Initial Individualized Education Plan

If the student is receiving their first, or initial IEP, the school district is required to hold a meeting to develop the student’s IEP within thirty days (30) of determining that the student is eligible for special education services. And, as soon as practicable, the services that have been designated in the IEP must be made available and provided to the student.

Who Has Access to My Student’s IEP?

Your student’s IEP must be accessible to the teachers and service providers who will be working with your student. Therefore, the IEP must be made available to the general education teacher, the special education teacher and the related services providers, including but not limited to; speech and language pathologist, occupational therapist, physical therapist, mental health counselors/therapists, behavior specialists and adaptive physical education teachers.
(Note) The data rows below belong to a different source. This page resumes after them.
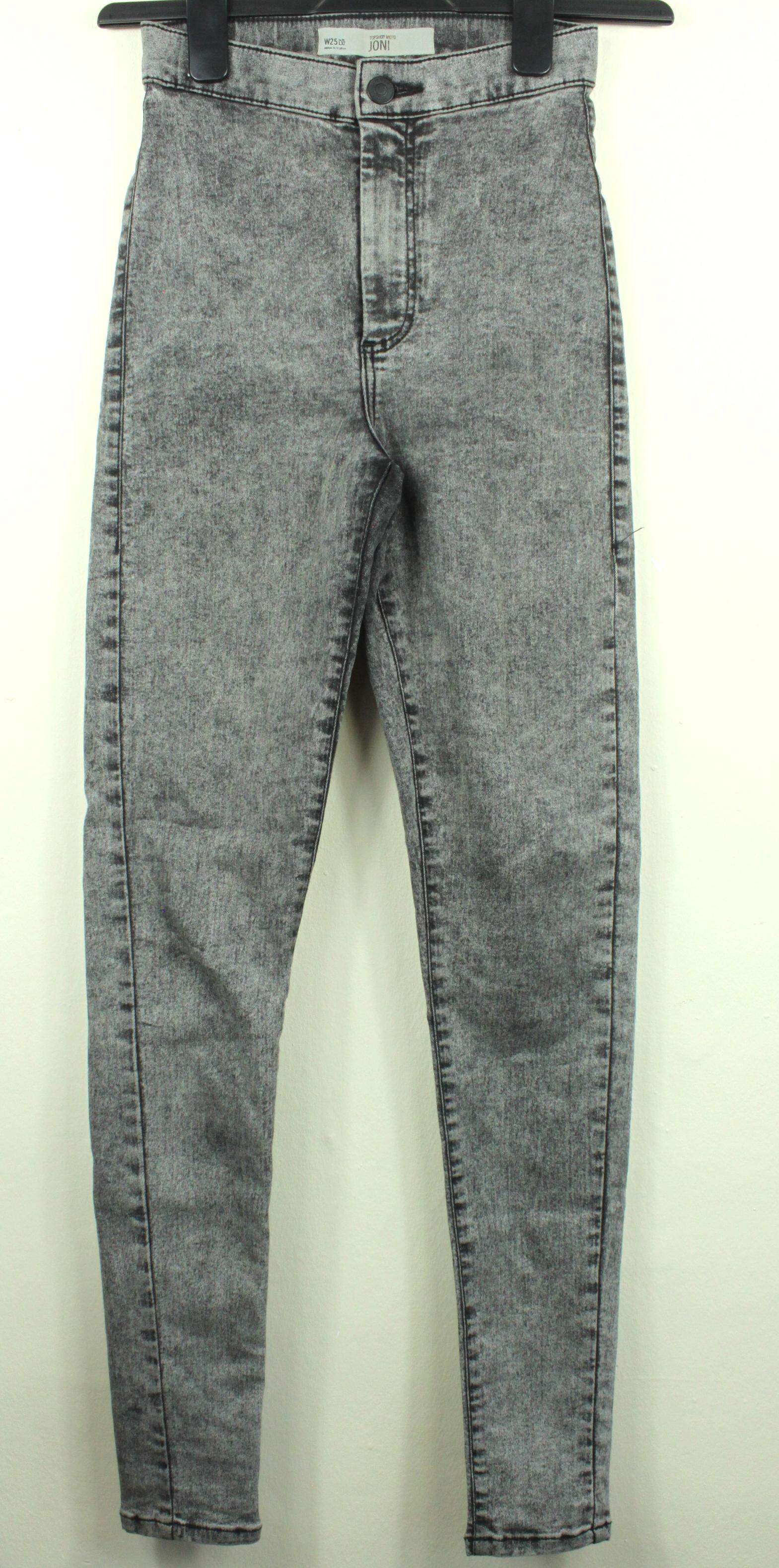 Topshop black jeggings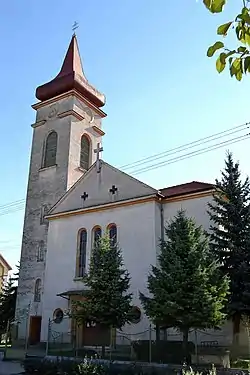 Church in Križovany nad Dudváhom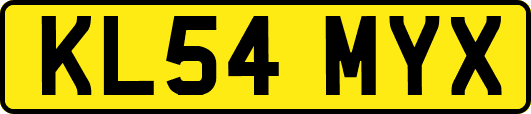 KL54MYX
Access to the IEP provides every teacher and related service provider with knowledge of your student’s specific educational needs, including their accommodations, modifications and supports required for them to access their education.
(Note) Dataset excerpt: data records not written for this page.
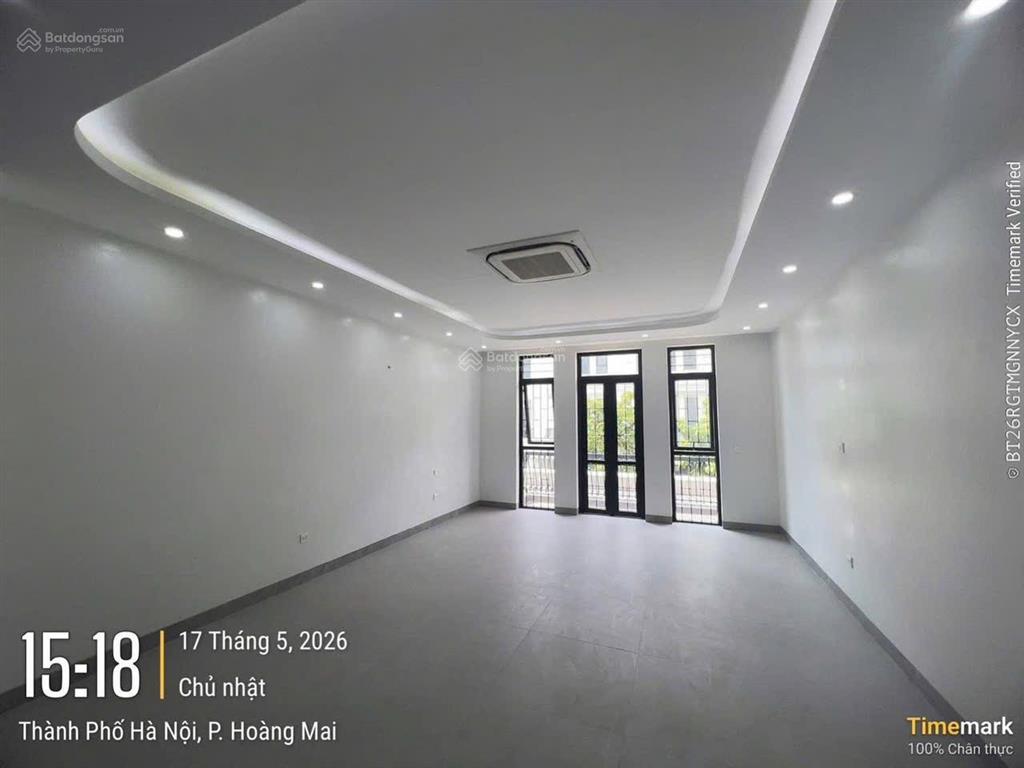 Siêu hiếm liền kề louis city  dt 112 mét/ 5 tầng/ thang máy / giá 33 tỷ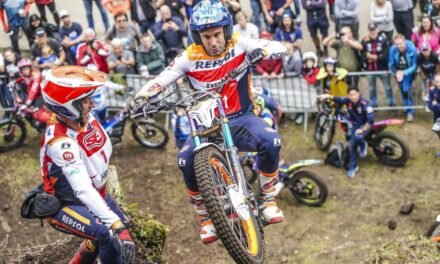 Toni Bou sigue engrosando su cuenta interminable en el trial con su 35.º título mundial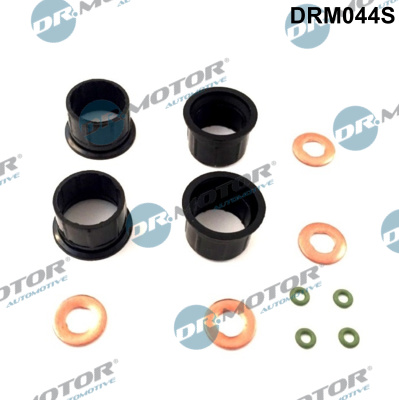 DR.MOTOR AUTOMOTIVE Dichtungssatz, Einspritzdüse drm044s für Citroën/Peugeot Ford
Transfer Students – In State

One of the most important aspects of a student’s IEP is that it must be understandable not only to their particular IEP team, but to any IEP team that might be responsible for implementing it. Therefore, when sitting in an IEP meeting, remember to advocate for clarity so that if a new team needs to work with your student, they will understand what your student is working on. That being said, if you and your student move to a new residence, within your current state, the new team must do the following;

  • Provide the student with a comparable free and appropriate public education
  • Develop, adopt and implement the current IEP or
  • Develop, adopt and implement a new IEP

It is important to remember that when you move within your own state of residence, the new team does not necessarily have to reassess your student.
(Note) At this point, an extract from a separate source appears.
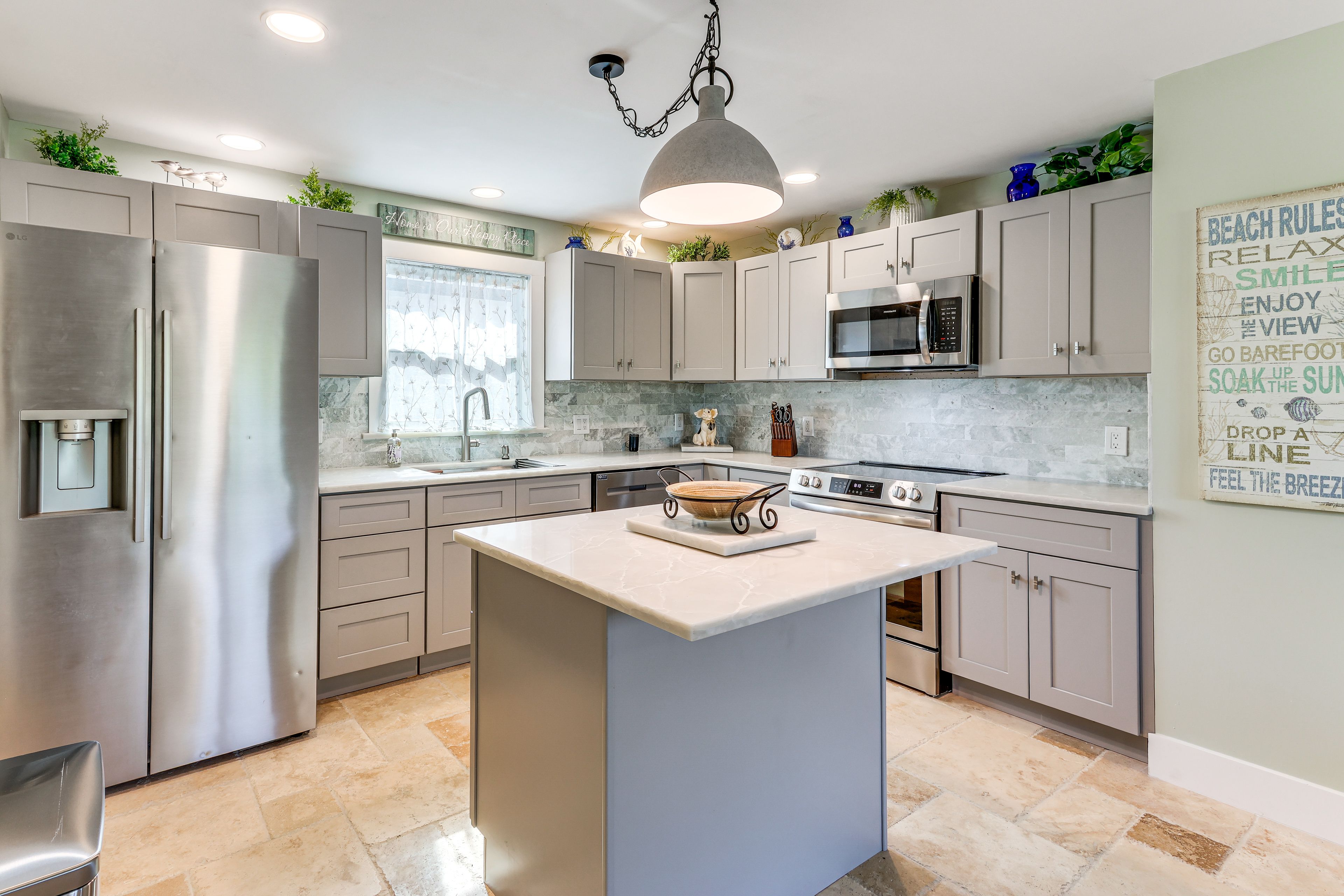 Kitchen | Cooking Basics | Dishware/Flatware | Drip Coffee Maker | Toaster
Transfer Students – Out of State

If you and your student transfer out of state, the process of implementing their IEP is similar to an in-state transfer with the following differences;

  • The new District must provide the student with a free and appropriate public education that is comparable to his or her current IEP until
    • The new District conducts an evaluation and
    • Develops, adopts and implements a new IEP that meets the student’s needs

Transfer of Education Records

For all students who transfer to a new public-school district, the new district must take reasonable steps to promptly obtain your student’s education records. These records should include;

  • The current IEP and all previous IEPs
  • Any supporting documents including all previous assessments, particularly the last triennial assessment
  • A record of the related services your student has received in the past and are receiving currently

The prior school district must make a reasonable effort to provide the student’s records in a prompt and timely manner.